Yetişkin erkeklerin çoğu Sovyet ordusunda görev yaptığı için, geride kalanlar yani kadınlar, çocuklar, yaşlılar gece vakti uykularından uyandırıldılar ve 15 dakika içinde yalınayak, başıkabak, ite kaka yollara döküldüler. Sürgüne gönderilen 112.700 çocuktan 60.034’ü, 93.200 kadından 40.085’i, 32.600 erkekten 12.061’i hayatını kaybetti.

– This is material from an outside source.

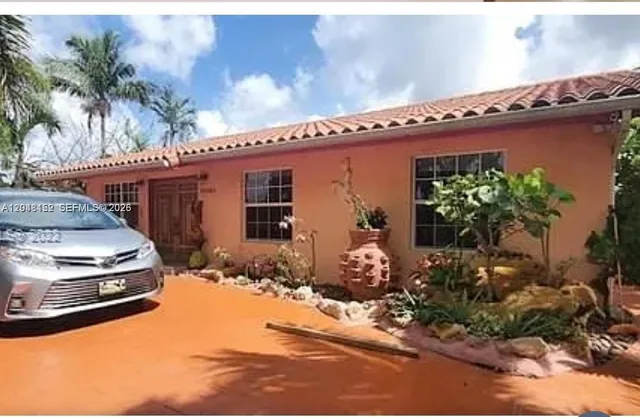 4-bedroom home at 10955 SW 56th Street, Miami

Kırım’daki Türk varlığının yok edilmesi için mezar taşları bile yerlerinden söküldü. Marksist-Leninist eserler de dâhil olmak üzere Kırım Türkçesi ile yazılan binlerce kitap yakıldı.
Sonraki yıllarda verilen geri dönüş mücadelesi ise trajik olaylarla doludur. Mesela; 35 yaşındaki Fevzi Seydaliyev’in bin bir zorlukla dönmüş olduğu ata toprağından zorla dışarı çıkarılması sonrası Moskova’ya giderek Kızıl Meydan’da protesto gösterisi yapmaya kalkması neticesinde tutuklanması ve atıldığı Dnepropetrovsk şehir hapishanesinde öldürülmesi (19 Ekim 1968)… 46 yaşındaki üç çocuk babası Musa Mamut Kırım’ın ise döndüğü eski köyündeki (Beşterek, Donskoe) evinden çıkarılınca çocuklarının ve mahalli Sovyet yetkililerinin gözleri önünde, üzerine benzin dökerek kendini yakması (23 Temmuz 1978)…
Şimdi…
Kendini koyu Müslüman zanneden kimileri “Yaa, zafer, şarkıcıyla, türkücüyle mi kazanılacak, cihat dururken?” filan da diyebilir; desin. Ben de onlara “Hiç olmazsa, ‘düşmanın silahıyla silahlanın’ özdeyişini hatırlayın” derim. Anlayan anlar, anlamayana Bokoharam’ı, IŞİD’i, El Kaide’yi, Taliban’ı vesaire söylemem bile!
Sağolasın “güzel” Cemile. Vatan sana minnettar.